E-Filing to an Existing Case

1.  Is E-Filing mandatory for all filings on any case?

All documents must be E-Filed if the county you are filing in has implemented E-Filing and the case or document type is not exempted from the pilot program. For instance, a map, plat, or other exhibit which cannot be scanned may be traditionally filed.

2.  Must I E-File a document to a case that was filed traditionally or must the case have originated as an E-Filed case?

You must E-File to any existing Common Pleas case for a county which has implemented E-Filing, regardless of how the case was initially filed, unless the case or the document is exempted or cannot be E-Filed.
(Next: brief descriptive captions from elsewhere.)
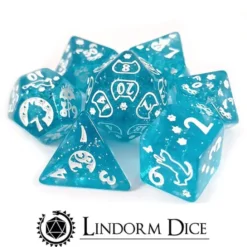 Acrylic dice cat pattern blue set of 7 Dice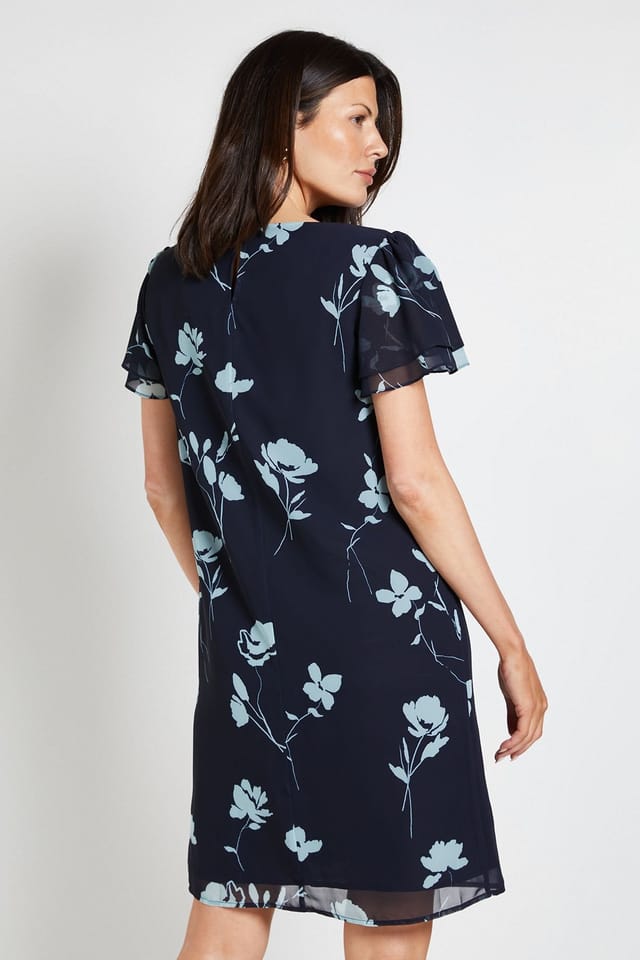 Wallis Wallis Women's Floral Lace Ruffle Sleeve Shift Dress in Navy - 3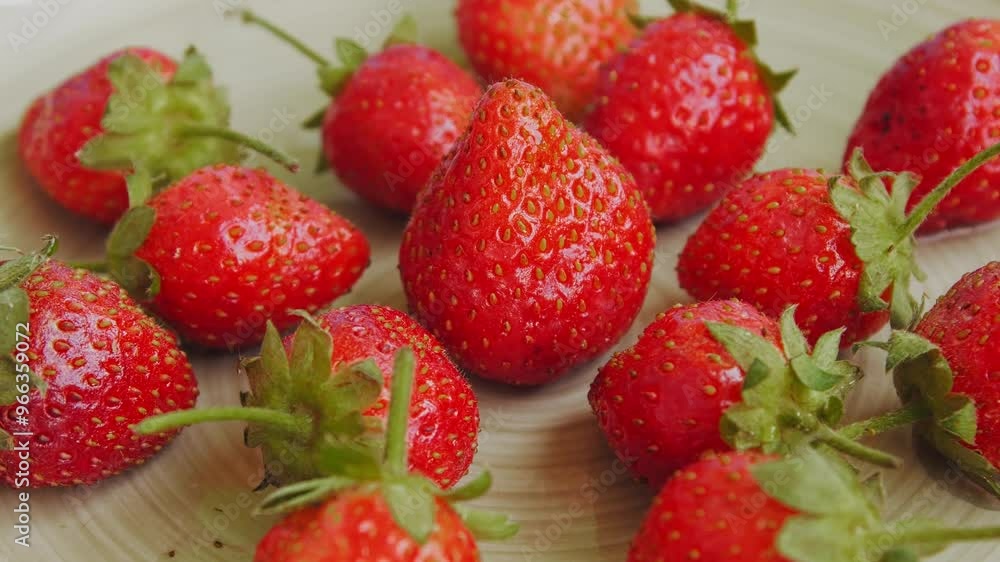 Fresh ripe juicy strawberries with green branches in a plate rotating in a circle. Medium shot. Fresh ripe juicy strawberries with green branches in a plate rotating in a circle. Medium shot.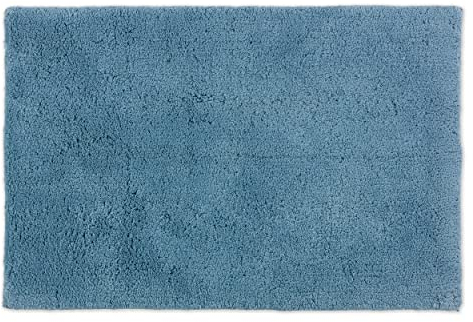 Schöner Wohnen Kollektion Badteppich einfarbig hellblau 60 x 90 cm – waschbare Badematte rutschfest - 100% Baumwolle – Badvorleger Trockner geeignet – Duschvorleger Badezimmer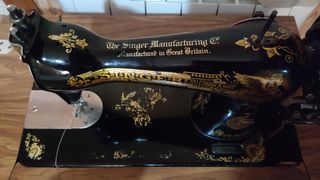 Maquina antigua de coser singer con mueble...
3.  Once a document is E-Filed, will the image be available on-line?

Any document submitted via E-Filing must be reviewed and accepted by the office of the Clerk of Court.  Generally, after a document has been approved it will be immediately available on the Trial Court Public Index; however, a Confidential Reference List is NOT available on the Trial Court Public Index.  Also, sealed or confidential documents are NOT displayed on the Trial Court Public Index.
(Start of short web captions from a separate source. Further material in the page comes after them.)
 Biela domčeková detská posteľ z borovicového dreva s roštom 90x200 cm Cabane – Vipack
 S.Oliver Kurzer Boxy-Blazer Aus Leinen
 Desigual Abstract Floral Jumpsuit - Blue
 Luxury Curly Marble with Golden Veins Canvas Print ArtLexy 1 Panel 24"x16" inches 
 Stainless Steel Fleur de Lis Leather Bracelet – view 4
4.  Will all images be available on the Trial Court Public Index once E-Filing begins in a county?

Generally, documents filed or scanned on or after April 14, 2014, the enactment date of Rule 41.2, SCRCP, will be displayed on the Public Index.  The decision whether to verify and publish documents which were filed and/or scanned prior to that date will be left to the individual county Clerks of Court.

5.  What is a proposed order? Do I use a different format?

Proposed Orders must be filed in Microsoft Word format with either a .doc or .docx extension.  This allows the reviewing Judge to edit the Proposed Order before signing.  Once the Judge affixes a signature the Proposed Order is saved as an Order in PDF format for the Clerk of Court to enter it. The exceptions are Proposed Orders of Consent which require the signature of non-E-Filers (e.g. -- Forfeiture Consent Orders).

6.  Can Self-Represented Litigants use E-Filing?

Self-Represented Litigants, or Pro Se Litigants may NOT E-File at this time.

7.  Can I add a party to an existing case?

Under the E-Filing Policies and Guidelines, an E-Filer must E-File a document when utilizing the electronic "Add a Party" function. Specifically, Section 11(f) of the E-Filing Policies and Guidelines provides that "An Authorized E-Filer must include a document, such as an answer, response, or other pleading in any submission." Although an answer or a motion might most commonly be E-Filed, other documents, including a written notice of appearance stating the lawyer is appearing on behalf of the added party constitutes an "other pleading," and the filing should be accepted. Most commonly, the lawyer will utilize the Action "Notice/Underinsurance Carrier" to upload this notice in UIM cases.